SplittableInputStream is1 = new SplittableInputStream(is);
SplittableInputStream is2 = is1.split();
BufferedReader br1 = new BufferedReader(new InputStreamReader(is1));
BufferedReader br2 = new BufferedReader(new InputStreamReader(is2));
// Do some interleaved reads from them.
System.out.println("One line from br1:");
System.out.println(br1.readLine());
System.out.println();
System.out.println("Two lines from br2:");
System.out.println(br2.readLine());
System.out.println(br2.readLine());
System.out.println();
System.out.println("One line from br1:");
System.out.println(br1.readLine());
System.out.println();
Output:
One line from br1:
Lorem ipsum
Two lines from br2:
Lorem ipsum
dolor sit
One line from br1:
dolor sit

Use TeeInputStream to copy all the bytes read from InputStream to secondary OutputStream, e.g. ByteArrayOutputStream.

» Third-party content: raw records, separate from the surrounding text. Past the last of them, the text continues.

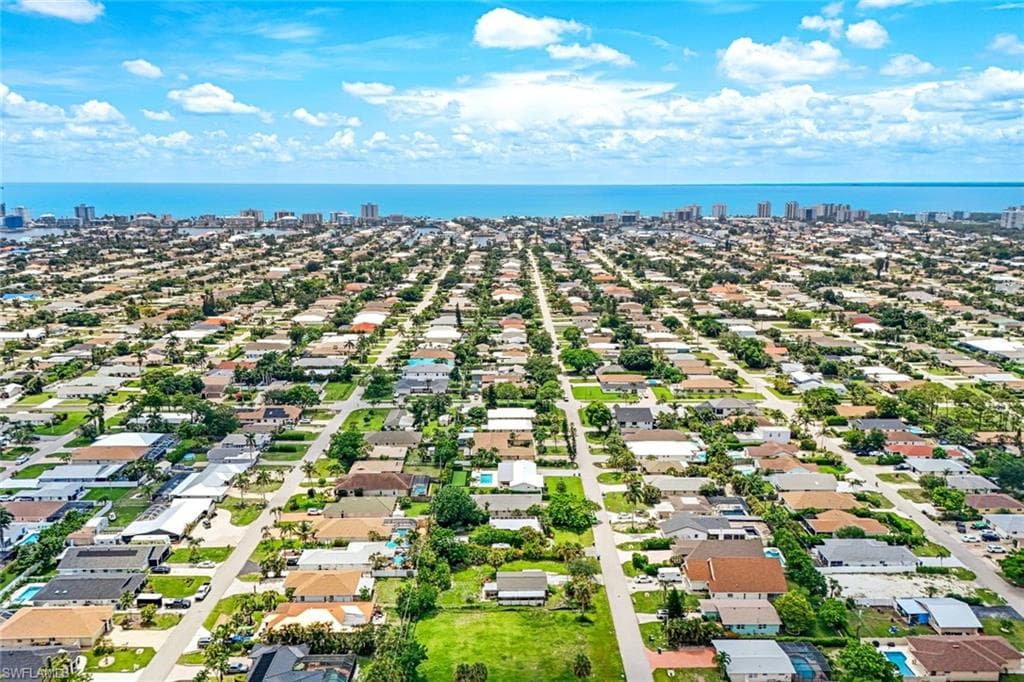 740 102nd Ave N, Naples, FL 34108-12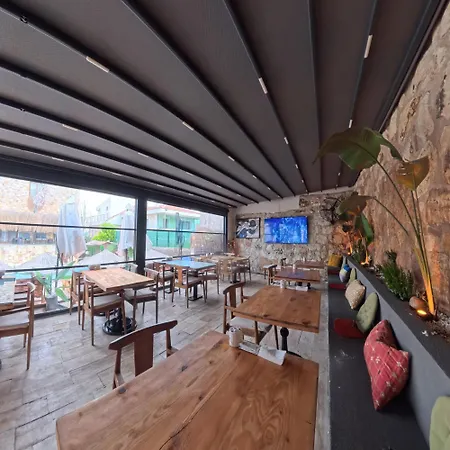 Hotel Stone House Foca Yenifoca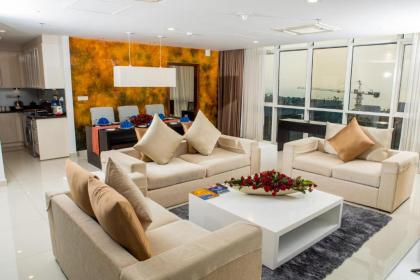 Platinum One Suites - image 3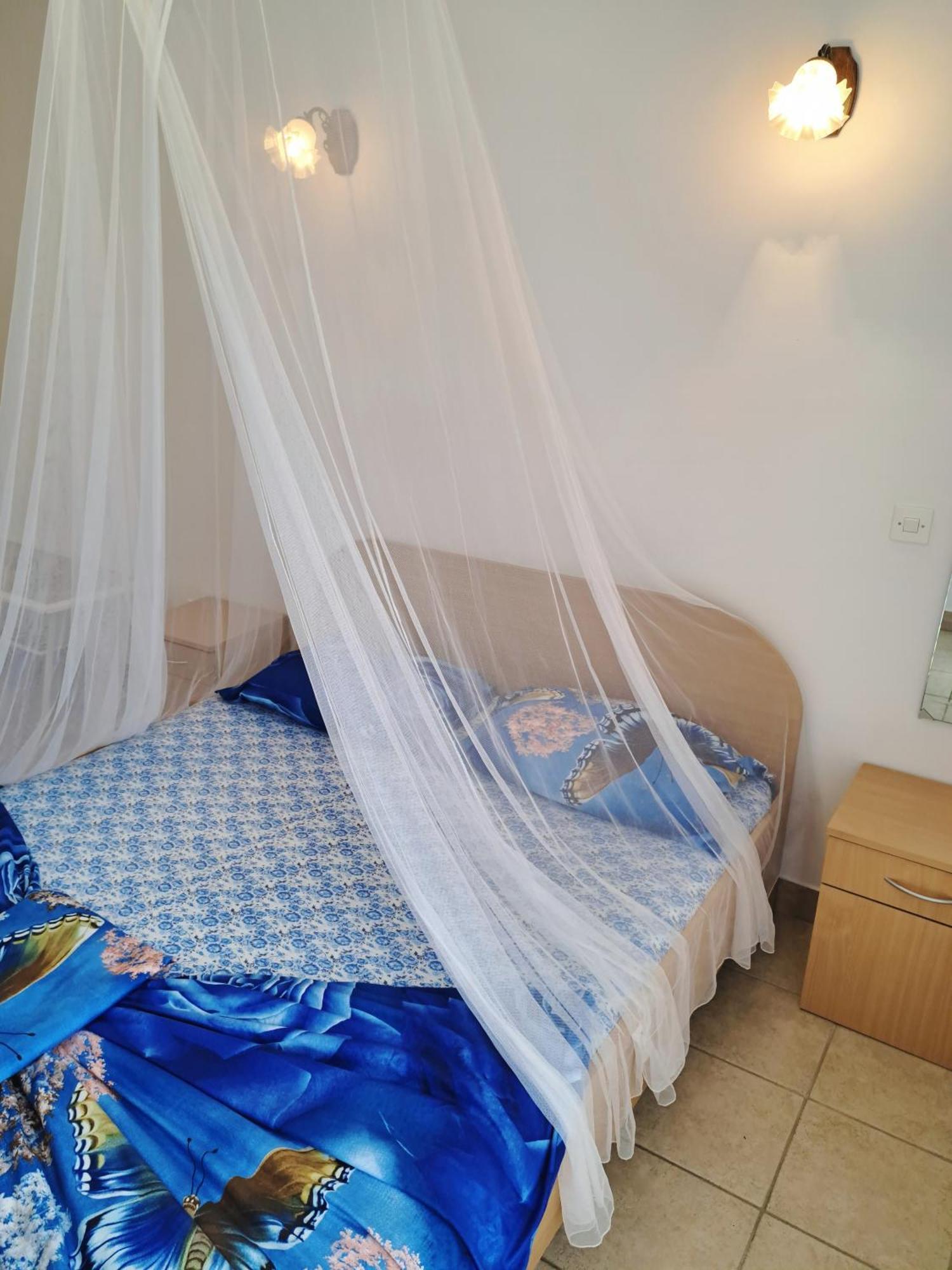סטארי גראד Apartments 1000 Flowers חדר תמונה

Input stream work like this: once you read a portion from it, it's gone forever. You can't go back and re-read it. what you could do is something like this:
class InputStreamSplitter {
InputStreamSplitter(InputStream toReadFrom) {
this.reader = new InputStreamReader(toReadFrom);
}
void addListener(Listener l) {
this.listeners.add(l);
}
void work() {
String line = this.reader.readLine();
while(line != null) {
for(Listener l : this.listeners) {
l.processLine(line);
}
}
}
}
interface Listener {
processLine(String line);
}
have all interested parties implement Listener and add them to InputStreamSplitter

Instead of using StringWriter/StringBufferInputStream, write your original InputStream to a ByteArrayOutputStream. Once you've finished reading from the original InputStream, pass the byte array returned from ByteArrayOutputStream.toByteArray to a ByteArrayInputStream. Use this InputStream as the InputStream of choice for passing around other things that need to read from it.
Essentially, all you'd be doing here is storing the contents of the original InputStream into a byte[] cache in memory as you tried to do originally with StringWriter/StringBufferInputStream.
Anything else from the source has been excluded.